Using postgres as socket.io adapter in CloudSQL --...

miriamconnor · 07-29-2024 12:04 PM

Has anyone else seen this? I'm using a table in our CloudSQL postgres db as a socket.io adapter (we're using socket.io in a CloudRun service). We've found a couple of times that the adapter suddenly stops working and our socket messages get lost when Cloud Run scales up the number of instances. According to the socket.io documentation:

> The Postgres adapter relies on the NOTIFY and LISTEN commands.

I'm wondering if the notify/listen functionality stops working? Reads/writes in our other tables are working normally.

ms4446

The issue you're encountering with the Postgres adapter for socket.io in your Cloud Run service could be due to several factors, particularly related to the NOTIFY and LISTEN functionalities. Here are some potential causes and solutions.
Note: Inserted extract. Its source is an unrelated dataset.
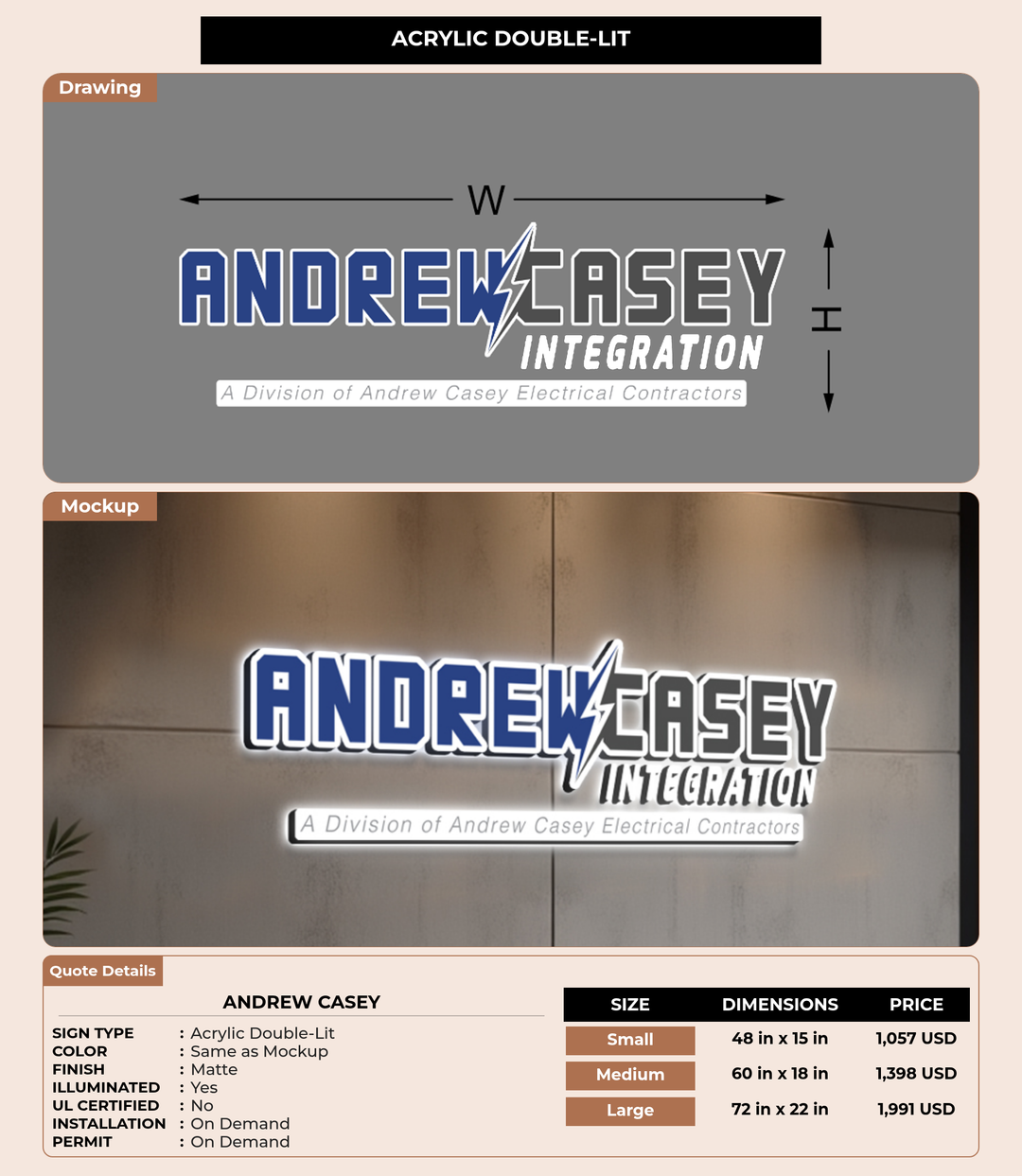 CUSTOM MOCKUP SIGN FOR Andrew Casey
First, consider connection limits. When Cloud Run scales up, new instances might open additional connections to your Postgres database. If the total number of connections exceeds the maximum allowed by your database instance, some connections may get dropped, disrupting the NOTIFY/LISTEN mechanism. To address this, check the maximum number of connections allowed in your Postgres configuration and ensure your Cloud Run instances do not exceed this limit. You might also consider increasing the max_connections parameter if feasible or using a connection pooler like pgBouncer, which can help manage and reuse database connections.
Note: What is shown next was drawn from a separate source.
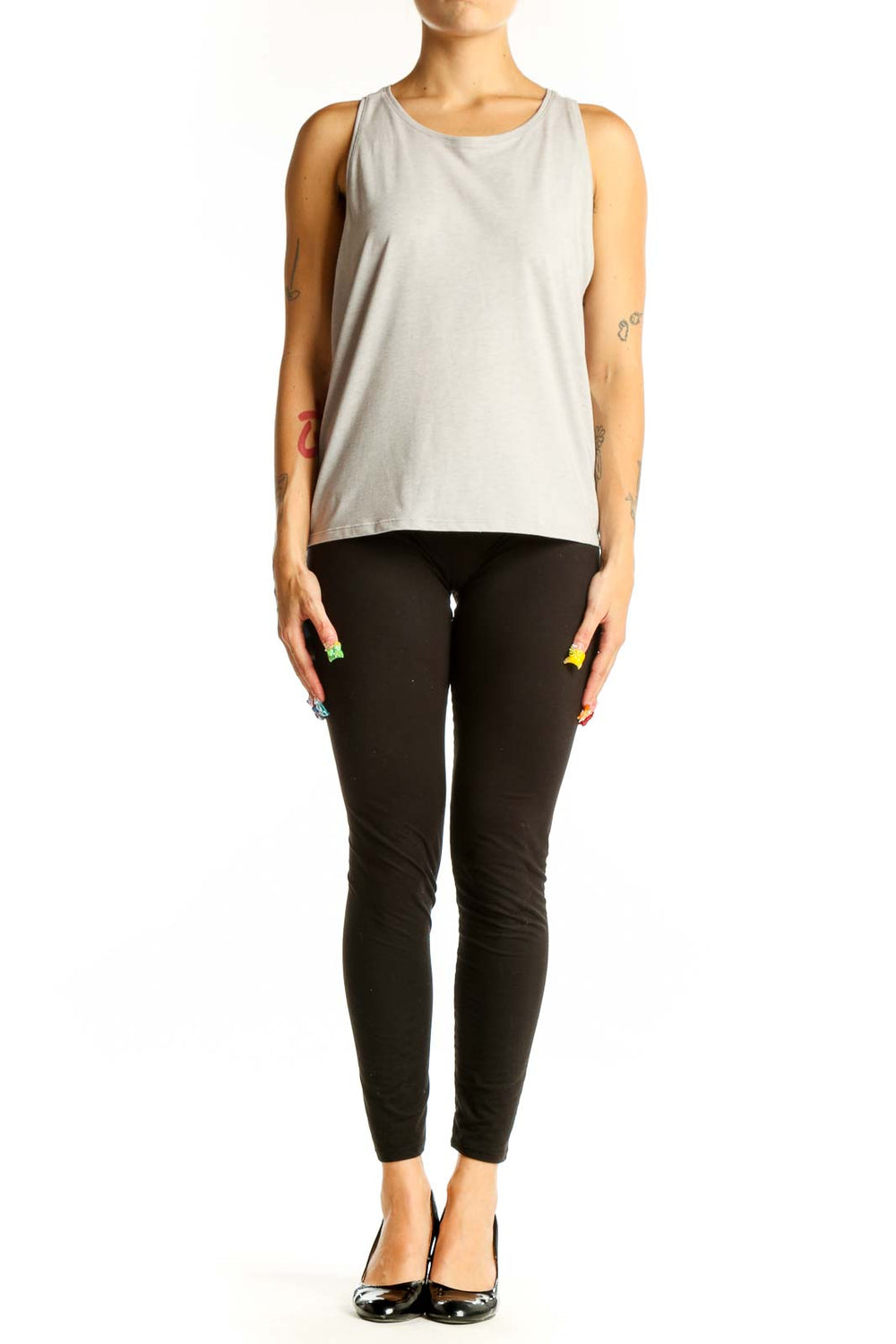 Front view of light gray cotton tank top from Outdoor Voices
Another factor could be idle connection timeouts. Cloud SQL may disconnect idle LISTEN commands after a period of inactivity. Implementing a keep-alive mechanism in your Cloud Run service, where simple queries are periodically sent, can help maintain these connections. This proactive approach ensures the connection remains active and functional.

Network latency and timeouts are also potential disruptors. Network issues or latency between your Cloud Run instances and Cloud SQL can interrupt the NOTIFY/LISTEN mechanism. Ensuring that your Cloud Run services and Cloud SQL instance are located in the same region can minimize latency. Additionally, monitoring for network-related issues or timeouts is essential to maintaining stable connections.

Postgres configuration settings can also impact the NOTIFY/LISTEN functionalities. Review your Postgres logs for any warnings or errors related to these commands and ensure the max_connections parameter is sufficiently high for your needs. Check if parameters like listen_addresses might be affecting the connection.

The scaling logic in your Cloud Run and the adapter implementation should be robust enough to handle new instances without losing messages. Review your Cloud Run scaling settings and ensure they are suitable for your workload. Explicitly renewing the LISTEN command periodically can help maintain its active listening state, adding another layer of reliability.

Extensive logging and monitoring are crucial for capturing when the NOTIFY/LISTEN functionality stops working. Implement logging to track when LISTEN commands are issued and NOTIFY messages are received. Utilize monitoring tools to track the health of your database connections and alert you to any issues promptly.

For enhanced reliability, consider integrating a message queue (like Pub/Sub or RabbitMQ) with the Postgres adapter. This approach can mitigate issues related to message delivery during scaling, ensuring that messages are queued and delivered reliably even if there are temporary connection disruptions.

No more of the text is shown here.